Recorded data
....

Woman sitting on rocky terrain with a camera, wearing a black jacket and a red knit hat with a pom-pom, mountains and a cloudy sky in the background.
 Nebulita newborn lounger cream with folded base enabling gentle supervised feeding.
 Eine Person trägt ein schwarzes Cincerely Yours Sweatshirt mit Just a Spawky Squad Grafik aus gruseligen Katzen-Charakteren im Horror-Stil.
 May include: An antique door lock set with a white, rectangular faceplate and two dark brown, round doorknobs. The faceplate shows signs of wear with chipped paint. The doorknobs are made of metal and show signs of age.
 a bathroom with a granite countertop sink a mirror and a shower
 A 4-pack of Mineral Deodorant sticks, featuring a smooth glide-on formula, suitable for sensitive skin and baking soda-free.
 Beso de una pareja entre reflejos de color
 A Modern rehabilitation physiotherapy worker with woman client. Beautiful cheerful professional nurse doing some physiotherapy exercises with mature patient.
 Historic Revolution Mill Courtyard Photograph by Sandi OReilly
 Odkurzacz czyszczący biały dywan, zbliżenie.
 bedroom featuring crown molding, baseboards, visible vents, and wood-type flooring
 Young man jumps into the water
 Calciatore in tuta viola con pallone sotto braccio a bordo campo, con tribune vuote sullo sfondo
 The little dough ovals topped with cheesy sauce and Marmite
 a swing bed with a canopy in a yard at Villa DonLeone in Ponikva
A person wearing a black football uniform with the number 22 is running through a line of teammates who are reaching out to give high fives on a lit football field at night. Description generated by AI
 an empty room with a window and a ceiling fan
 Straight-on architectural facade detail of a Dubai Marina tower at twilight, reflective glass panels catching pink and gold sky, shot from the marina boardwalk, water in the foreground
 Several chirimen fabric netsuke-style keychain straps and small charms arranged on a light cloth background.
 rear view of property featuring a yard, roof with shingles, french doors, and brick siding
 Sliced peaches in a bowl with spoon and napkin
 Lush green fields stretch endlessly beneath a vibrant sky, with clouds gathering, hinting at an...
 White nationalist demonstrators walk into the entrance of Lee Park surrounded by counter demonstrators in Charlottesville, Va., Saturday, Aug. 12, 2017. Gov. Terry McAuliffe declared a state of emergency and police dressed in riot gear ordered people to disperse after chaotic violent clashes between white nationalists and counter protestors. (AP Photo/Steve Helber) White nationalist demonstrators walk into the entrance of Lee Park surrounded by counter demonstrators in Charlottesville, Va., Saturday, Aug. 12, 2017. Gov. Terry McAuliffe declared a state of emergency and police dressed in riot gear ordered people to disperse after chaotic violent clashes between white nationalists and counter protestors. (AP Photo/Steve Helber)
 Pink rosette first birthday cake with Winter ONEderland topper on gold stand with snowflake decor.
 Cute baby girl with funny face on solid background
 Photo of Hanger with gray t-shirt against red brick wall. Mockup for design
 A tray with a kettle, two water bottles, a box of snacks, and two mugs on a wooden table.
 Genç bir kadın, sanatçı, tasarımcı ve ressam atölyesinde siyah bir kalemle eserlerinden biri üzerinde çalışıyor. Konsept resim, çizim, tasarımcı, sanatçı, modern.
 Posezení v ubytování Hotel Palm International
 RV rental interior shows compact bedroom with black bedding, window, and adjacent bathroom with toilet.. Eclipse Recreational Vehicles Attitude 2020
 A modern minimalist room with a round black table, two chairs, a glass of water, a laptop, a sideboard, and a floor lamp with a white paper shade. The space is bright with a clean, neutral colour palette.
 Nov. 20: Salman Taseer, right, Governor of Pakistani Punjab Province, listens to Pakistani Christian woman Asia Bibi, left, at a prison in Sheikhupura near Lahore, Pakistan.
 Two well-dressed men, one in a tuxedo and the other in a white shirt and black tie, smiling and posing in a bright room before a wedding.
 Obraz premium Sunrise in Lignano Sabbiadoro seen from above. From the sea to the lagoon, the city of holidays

....

▶ YOUR ASSIGNMENT
From the records, copy every line that has the string "background" in it.

▶ RESULT FOR THIS EXERCISE
Woman sitting on rocky terrain with a camera, wearing a black jacket and a red knit hat with a pom-pom, mountains and a cloudy sky in the background.
 Several chirimen fabric netsuke-style keychain straps and small charms arranged on a light cloth background.
 Cute baby girl with funny face on solid background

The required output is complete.